Many countries have established laws to protect people from these kinds of discrimination. But these laws, too, can vary hugely both when it comes to defining what genetic discrimination is and to how they safeguard against it. The law in Canada focuses on DNA, RNA, and chromosome tests, for example. But you don’t always need such a test to know if you’re at risk for a genetic disease. A person might have a family history of a disease or already be showing symptoms of it.

And then there are the newer technologies. Take, for example, the kind of test that I took to measure my biological age. Many aging tests measure either chemical biomarkers in the body or epigenetic markers on the DNA—not necessarily the DNA itself. These tests are meant to indicate how close a person is to death. You might not want your life insurance provider to know or act on the results of those, either.

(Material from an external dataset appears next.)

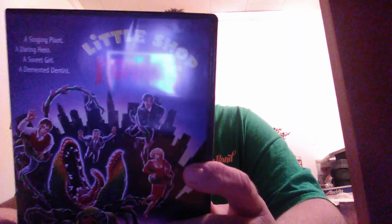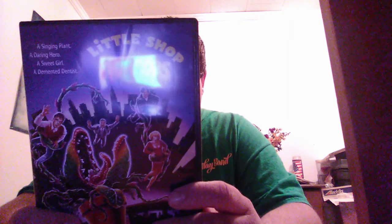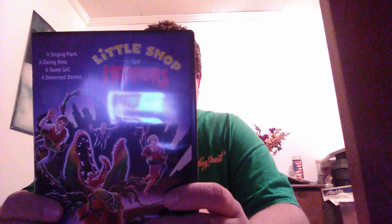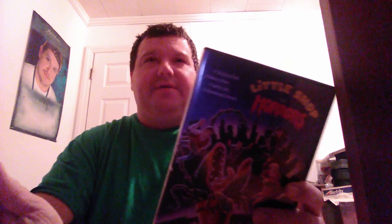But Little Shop of Horrors — check this out anyway. It's one of my all-time favorite musicals. It also has three African-American ladies as a Greek chorus, two of whom appeared on Martin and Everybody Hates Chris. Check this movie out, it's really a classic. I don't know if this is going to be remade — I hope it doesn't. The 1986 musical shouldn't get remade; it should stay the same. Please subscribe to my channel if you want. That's it, I'm out. Have a good one.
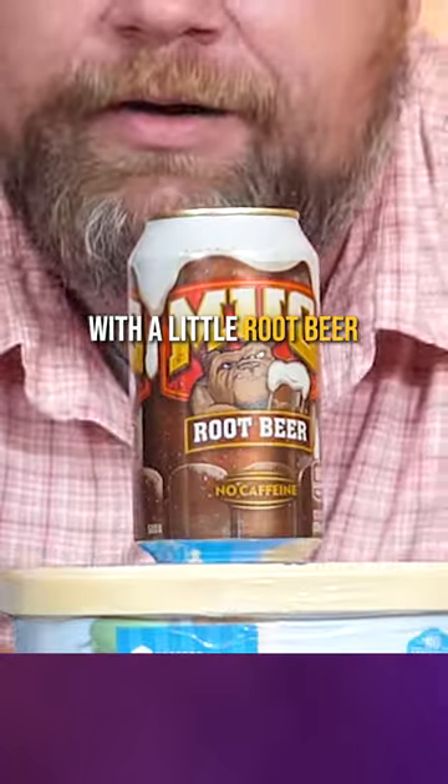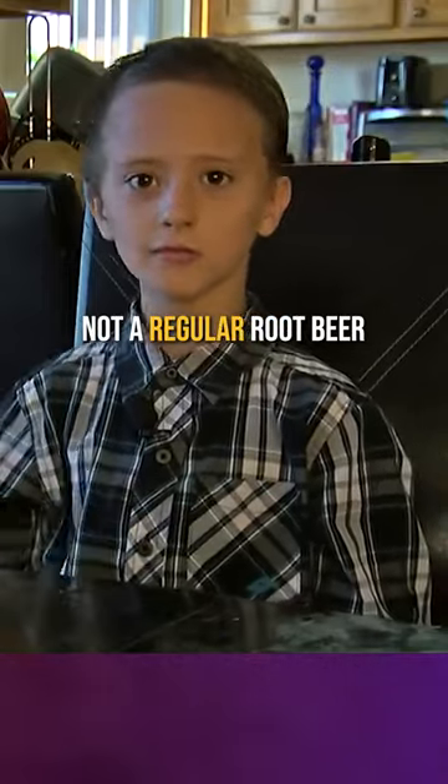Jim Beam Vanilla and ice cream with a little root beer. Let's try a spiked root beer float. It's an alcoholic root beer, not a regular root beer.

Joly and his colleagues have come up with a new definition. And they’ve kept it broad. “The narrower the definition, the easier it is to get around it,” he says. He wanted to avoid excluding the experiences of any people who feel they’ve experienced genetic discrimination. Here it is:

“Genetic discrimination involves an individual or a group being negatively treated, unfairly profiled or harmed, relative to the rest of the population, on the basis of actual or presumed genetic characteristics.

It will be up to policymakers to decide how to design laws around genetic discrimination. And it won’t be simple. The laws may need to look different in different countries, depending on what technologies are available and how they are being used. Perhaps some governments will want to ensure that residents have access to technologies, while other may choose to limit access. In some cases, a health-care provider may need to make decisions about a person’s care based on their genetic results.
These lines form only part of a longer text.